Our society is saturated with unrealistic images and photo-shopped bodies.  As a mom of a little girl, I need to figure out how I’m going to teach her the ridiculousness of it all.  How fake the pictures are and how what we see in magazines and advertisements is the creation of fiction.  Lately, though, my attention has been drawn to this obsession with celebrities and their post-baby bodies.  Let’s not also forget about the celebrities who pose while pregnant; the recent picture of Jessica Simpson on the cover of Elle magazine comes to mind, showcasing her bare belly.  She looks great, but how much of this photograph is real?

Jessica Alba: Pregnant vs. Post-Baby Body

The magazines and the Internet are filled with pictures of ladies such as Mariah, Beyonce, and Jessica Alba with their amazing post-baby bodies.   There is always that photograph of a new mom in the tiny bikini splashing in the waves at the beach or the first appearance after having the baby wearing a tight dress.  All I wore for months post-baby were my maternity jeans and t-shirts.  Why are we praising these unattainable post-baby bodies?  Why does no one note that slimming down too quickly isn’t healthy for women?  Why is the first priority to “slim down” as quickly as possible after birth?  It isn’t natural.
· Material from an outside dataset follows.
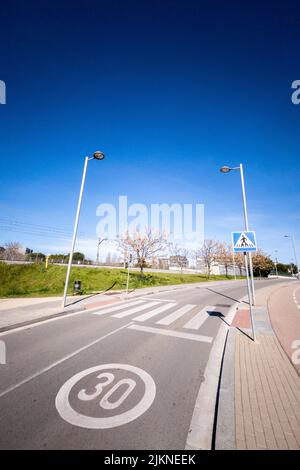 A vertical shot of a road with road marking, street lamps and greenery in a city Stock Photo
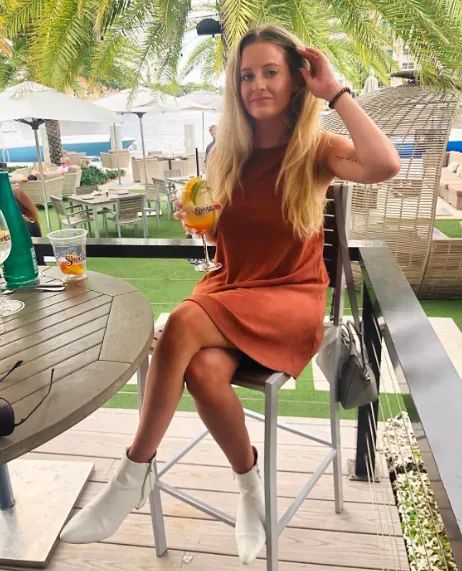 A reviewer is seen wearing white heeled booties styled with an orange dress.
Why doesn’t our society acknowledge the enormity (pun intended) of pregnancy and all that goes with it?  A woman’s body changes in so many ways and I feel like the media expects that two weeks after baby arrives, women should be rocking the skinny jeans.  It bothers me.  I mean, you are, after all, growing a human being in there!

Beyonce - One month after giving birth

After an unexpected c-section with my first baby, I took a good six weeks just to heal and feel human.  My concern was not about how I looked but more about how to navigate motherhood.  There are some frightening pictures from those early mommy days.  Most days I looked like a very sleepy slob.  Isn’t that what new motherhood is all about?  Embrace it.  There will be exhaustion, there will be leaky parts, and there will be bad hair days. It’s OK.  Celebrities, however, are not pictured this way and instead are held up to some ridiculous standard which no real mom has the energy to think about.  Women are awarded some kind of badge of honor because of how quickly they return to their previous form.  Why is this valued so much?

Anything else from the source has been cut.